(Beginning of The input)

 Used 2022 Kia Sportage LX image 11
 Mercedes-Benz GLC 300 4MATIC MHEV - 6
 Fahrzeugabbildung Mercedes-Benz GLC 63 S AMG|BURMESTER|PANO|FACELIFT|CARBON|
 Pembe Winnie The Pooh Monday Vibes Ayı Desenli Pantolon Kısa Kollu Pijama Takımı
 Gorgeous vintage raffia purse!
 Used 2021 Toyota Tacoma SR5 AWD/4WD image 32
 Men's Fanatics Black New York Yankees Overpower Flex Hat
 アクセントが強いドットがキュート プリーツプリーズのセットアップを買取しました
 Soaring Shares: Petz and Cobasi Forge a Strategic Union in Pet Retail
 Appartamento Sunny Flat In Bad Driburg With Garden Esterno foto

(End of The input)

Task item
A word-for-word copy of all the entries above is required.

Worked solution
 Used 2022 Kia Sportage LX image 11
 Mercedes-Benz GLC 300 4MATIC MHEV - 6
 Fahrzeugabbildung Mercedes-Benz GLC 63 S AMG|BURMESTER|PANO|FACELIFT|CARBON|
 Pembe Winnie The Pooh Monday Vibes Ayı Desenli Pantolon Kısa Kollu Pijama Takımı
 Gorgeous vintage raffia purse!
 Used 2021 Toyota Tacoma SR5 AWD/4WD image 32
 Men's Fanatics Black New York Yankees Overpower Flex Hat
 アクセントが強いドットがキュート プリーツプリーズのセットアップを買取しました
 Soaring Shares: Petz and Cobasi Forge a Strategic Union in Pet Retail
 Appartamento Sunny Flat In Bad Driburg With Garden Esterno foto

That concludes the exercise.